Decided: May 20, 1987

 Thomas R. Kenney, Kenney and Barbose, Santa Rosa, for plaintiff and appellant. John A. Klein, Margaret K. Butler, Santa Rosa, for defendants and respondents.

Art Cerini appeals from a judgment denying his petition for a writ of administrative mandate.  (Code Civ.Proc., § 1094.5.)   Cerini sought the writ to direct the City of Cloverdale to comply with the decision of an appeals board reinstating Cerini as a patrolman on the Cloverdale police force.   We reverse.

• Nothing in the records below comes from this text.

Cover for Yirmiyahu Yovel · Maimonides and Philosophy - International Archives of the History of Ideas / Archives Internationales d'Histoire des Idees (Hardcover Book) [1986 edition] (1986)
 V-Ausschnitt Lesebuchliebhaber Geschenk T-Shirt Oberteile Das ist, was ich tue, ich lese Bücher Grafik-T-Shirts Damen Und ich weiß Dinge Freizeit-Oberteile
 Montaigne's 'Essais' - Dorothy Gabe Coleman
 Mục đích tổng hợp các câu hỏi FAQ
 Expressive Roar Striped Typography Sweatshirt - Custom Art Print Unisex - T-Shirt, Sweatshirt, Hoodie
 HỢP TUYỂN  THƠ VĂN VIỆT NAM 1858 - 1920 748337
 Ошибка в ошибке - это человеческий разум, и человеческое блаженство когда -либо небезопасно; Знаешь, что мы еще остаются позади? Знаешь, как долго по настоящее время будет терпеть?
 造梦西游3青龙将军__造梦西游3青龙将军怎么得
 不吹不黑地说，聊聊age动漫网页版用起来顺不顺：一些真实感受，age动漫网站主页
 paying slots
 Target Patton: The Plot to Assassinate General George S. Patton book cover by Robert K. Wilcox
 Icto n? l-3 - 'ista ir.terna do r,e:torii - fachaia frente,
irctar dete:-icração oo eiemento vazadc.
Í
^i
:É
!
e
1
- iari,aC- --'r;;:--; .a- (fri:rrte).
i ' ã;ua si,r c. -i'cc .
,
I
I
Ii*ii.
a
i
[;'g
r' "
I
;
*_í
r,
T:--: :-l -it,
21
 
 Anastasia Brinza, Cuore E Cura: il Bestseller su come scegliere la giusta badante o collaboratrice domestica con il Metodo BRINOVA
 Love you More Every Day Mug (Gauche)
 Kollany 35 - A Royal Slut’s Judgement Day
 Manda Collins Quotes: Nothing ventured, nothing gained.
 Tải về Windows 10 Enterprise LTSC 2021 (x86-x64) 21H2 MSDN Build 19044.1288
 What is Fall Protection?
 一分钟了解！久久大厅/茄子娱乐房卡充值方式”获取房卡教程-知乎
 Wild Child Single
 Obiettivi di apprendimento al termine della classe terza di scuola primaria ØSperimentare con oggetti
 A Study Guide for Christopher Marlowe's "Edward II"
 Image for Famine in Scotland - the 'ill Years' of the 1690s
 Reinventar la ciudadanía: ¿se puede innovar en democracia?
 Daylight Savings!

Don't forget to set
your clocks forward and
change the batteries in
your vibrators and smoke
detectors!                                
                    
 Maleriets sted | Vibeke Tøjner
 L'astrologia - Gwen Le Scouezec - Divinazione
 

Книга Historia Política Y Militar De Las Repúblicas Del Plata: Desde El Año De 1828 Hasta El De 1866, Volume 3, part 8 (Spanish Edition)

The facts on appeal are not in dispute.   In August 1971, the city council of the general law city of Cloverdale (pop. 4000) enacted Ordinance No. 301 N.S.  While 301 N.S. reserved the right for the city council to establish by resolution a method and procedure for rules and regulations for the appointment and discharge of city employees, it provided that an employee subject to termination or discipline shall have the right to an appeal before the Appeals Board (Board).   The Board consisted of a three member panel;  one  member to be chosen by the aggrieved employee, another by the city council, and the third by the Personnel Director of Sonoma County.   The Board's function was to hear all appeals of the decision of any department head or the city council regarding termination of employment or violation of personnel rules.   The hearing would be conducted in accordance with the laws of California, and a decision by a majority of the panel would be binding on the city and the employee.

In November 1976, the city council adopted a memorandum of understanding between Cloverdale and city employees which incorporated the provisions of 301 N.S.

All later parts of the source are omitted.